Market value is tumbling -- its stock price is at about a third of that in 2012 -- and its earnings are far from stellar. However, industry watchers warn that the worst has yet to come, as they believe the effect from a host of negative factors including the departure of YG’s prized cash cow Big Bang and singer Psy, along with an underperforming subsidiary and a series of failures by in-house entertainment shows will be reflected in earnest starting from the next quarter.
Sagging stock value and earnings
Stock price of YG Entertainment
On May 30, YG shares closed at 28,550 won (US$26.49). This is close to half the value that L Catterton Asia (then L Capital Asia), the Asian private equity firm backed by LVMH Moët Hennessy Louis Vuitton, paid when it invested US$800 million in September 2014.
L Catterton Asia’s investment in YG was its first investment in Korea. The deal included a redeemable convertible preference shares tranche of US$60 million. L Catterton Asia has rights to sell its 1.4 million shares for 48,000 won apiece on Oct. 16, 2019, or convert them into regular shares at the market price at any time.
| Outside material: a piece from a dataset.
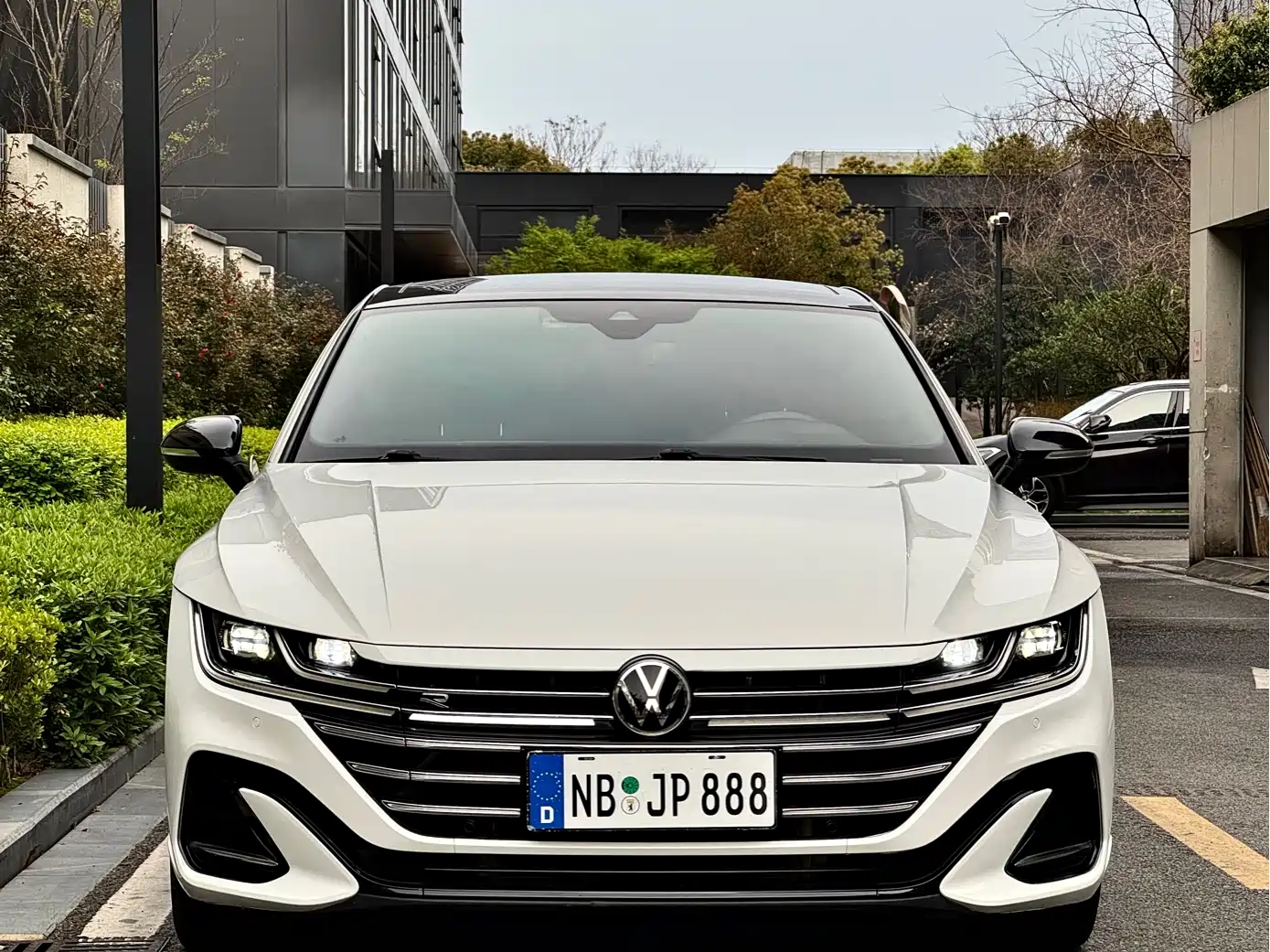 Volkswagen FAW-Volkswagen CC 2021 330TSI Dazzle Edition фото 3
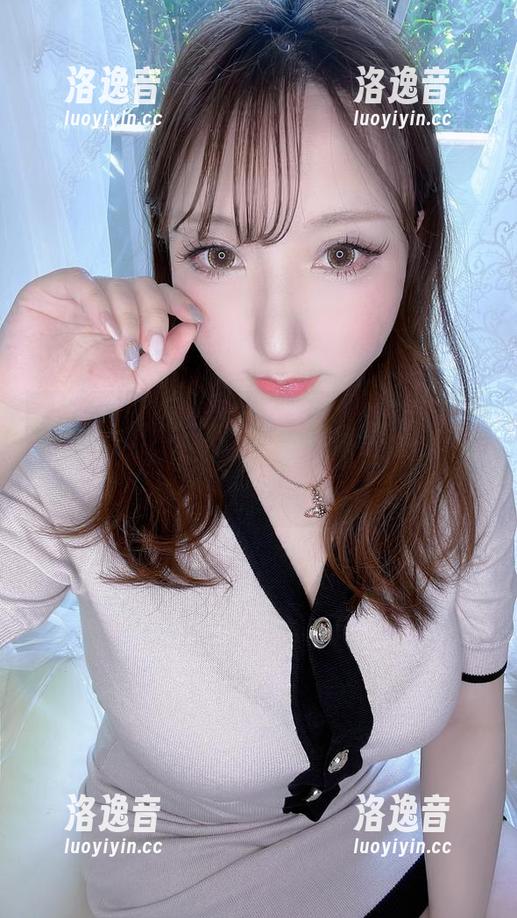 サク(saku)的学妹写真，个人觉得当模特的钱应该给我们这群“吃瓜”群众分一分！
But it looks like the firm won’t have much of an incentive to convert soon, given YG’s sagging share price.
Further, it looks like the money wasn’t spent too wisely by YG, which bought a 39.5 percent stake in Phoenix Holdings for 50 billion won. The firm was renamed as YG Plus, a subsidiary dealing in cosmetics, fashion and food, and is in the red for the past six years.
In the first quarter of this year, YG grossly underperformed market estimates.
Revenue fell 27.7 percent on-year to 77.3 billion won (US$71.80 million) compared to a market consensus of 88.1 billion won. Operating profit took a deeper dive, plunging 84.4 percent to 2.3 billion won. The market consensus had been 9.1 billion won.
To be fair, it was not all YG’s fault.
There was the THAAD row with Beijing that had slammed the door on the faces of many K-pop stars. Then several of the Big Bang members had to serve in the military -- a mandatory service for all able-bodied Korean males. T.O.P, the oldest member of Big Bang, joined in February 2017, followed by Taeyang, G-Dragon and Daesung earlier this year.
The absence of the 13-year-old group has led to a big dent on YG’s bottom line. From 2014 to 2017, Big Bang was responsible for more than half of YG’s albums sold in Korea.
Younger and newer additions to YG such as iKon, Winner and Blackpink are pulling their weight, but they still fall far behind Big Bang. “We believe these three are basically doing well, but their concert ticket sales in Japan this year is expected to reach only 37 percent of Big Bang’s sales of 1.44 million last year,” Park Jeong-yeob, an analyst at Mirae Asset Daewoo Securities, wrote in a report on May 14.
YG’s attempts to expand its business scope was also not too successful. Its signature audition program “Mixnine” incurred losses of 7 billion won in the first quarter and 4 billion won in the last three months of 2017.
Addressing the growing concerns over the company’s prospects, Yang Hyun-suk, founder and chairman of YG, last week shared plans on a new generation of artists to revive investor sentiment including new album releases of Blackpink, Big Bang’s Seungri, iKon and Winner.
More new artists will be introduced next year he said. He also announced plans to set up a subsidiary called YGX. The new unit will manage YG’s dance academy. The firm also plans to launch a new program called YG Future Strategy Office on Netflix.
There is hope, industry watchers say, referring to SM Entertainment, which made a successful transition under similar circumstances. When TVXQ and Super Junior were on hiatus due to military service, the fan base for new artists -- EXO and SHINee -- expanded rapidly to become a promising revenue source in 2018, according to Park of Mirae Asset.